Capabilities Discontinuities
The fast-takeoff hypothesis. This could be caused by recursive self-improvement, but the more popular justification seems to be that intelligence is fundamentally simple in some way and will be understood very quickly once AI reaches a critical threshold. This seems closely related to the idea that “capabilities fall into an attractor and alignment doesn’t”, which I don’t fully understand. AFAICT discontinuous capabilities don’t introduce misaligned objectives, but do make them much more dangerous. Rohin’s comment above sees this as the central disagreement about whether sharp left turns are likely or not.
Question: Is this the main reason to expect a sharp left turn? If you knew that capabilities progress would be slow and continuous, would you still be concerned about left turns?

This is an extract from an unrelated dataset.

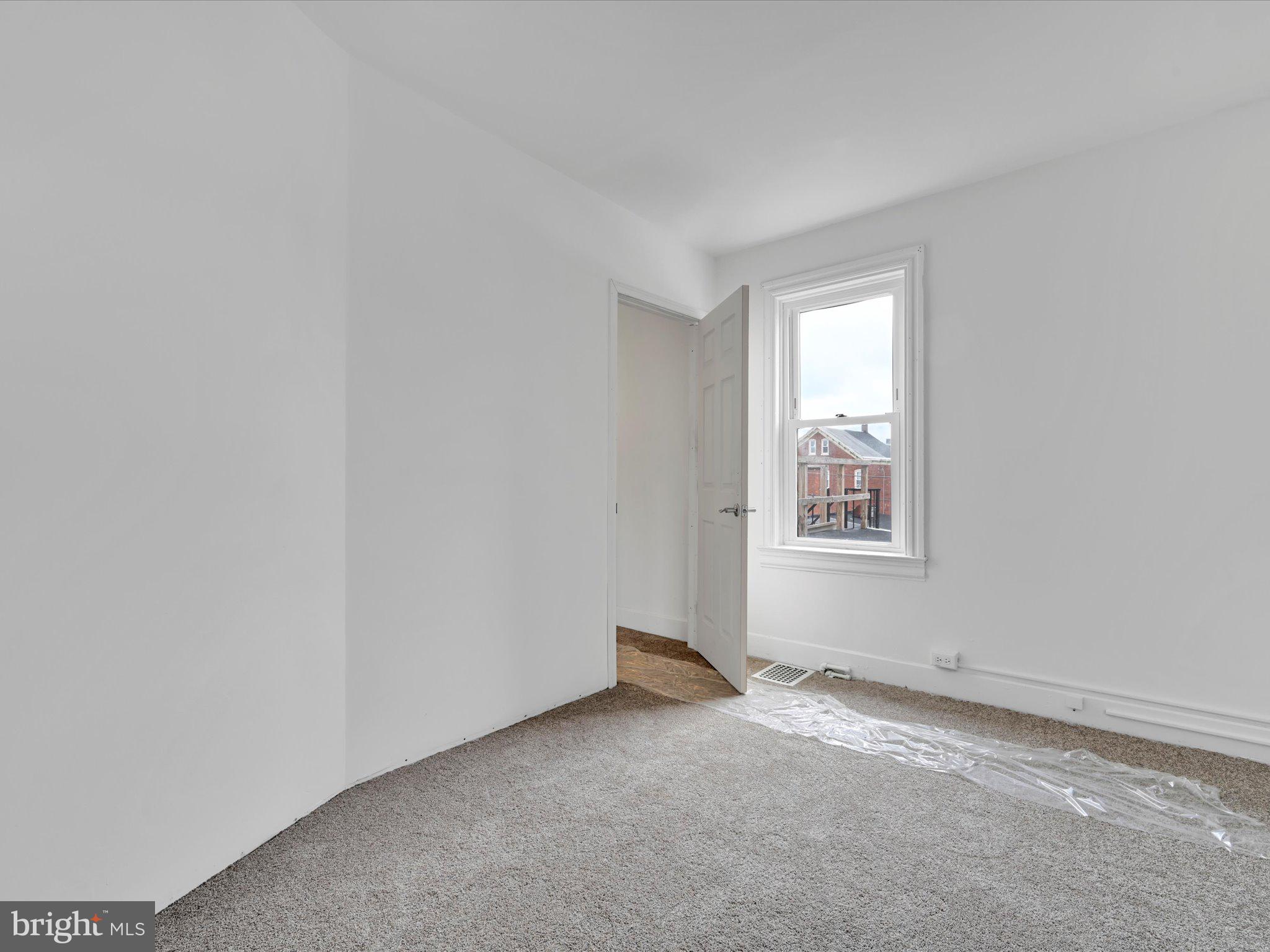 WEST YORK - Residential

Learning without Gradient Descent
If AI is doing lots of learning in between gradient descent steps, it could invent and execute a misaligned objective before we have time to correct it. This makes several strategies for preventing misalignment less useful: truthfulness, ELK, … . What it doesn’t explain is why learning between gradient descent steps is particularly likely to be misaligned—perhaps it’s not, and the root causes of misalignment are the inner misalignment and wireheading / power-seeking mentioned above.
Question: Does this introduce new sources of misaligned objectives? Or is it simply a reason why alignment strategies that rely on gradient descent updates will fail?
Further question: The technical details of how systems will learn without gradient descent seem murky, the post only provides an analogy to human learning without evolution. This is discussed here, I’d be curious to hear any thoughts.
Are these the core arguments for a sharp left turn? What important steps are missing? Have I misunderstood any of the arguments I’ve presented? Here is another attempt to understand the arguments.
Learning without Gradient Descent—Now it is much easier to imagine learning without gradient decent. An LLM can add into its context or even save into a database knowledge, meta-cognitive strategies, code, etc.
It is very similar to value change due to inner misalignment or self improvement, except it is not literally inside the model but inside its extended cognition.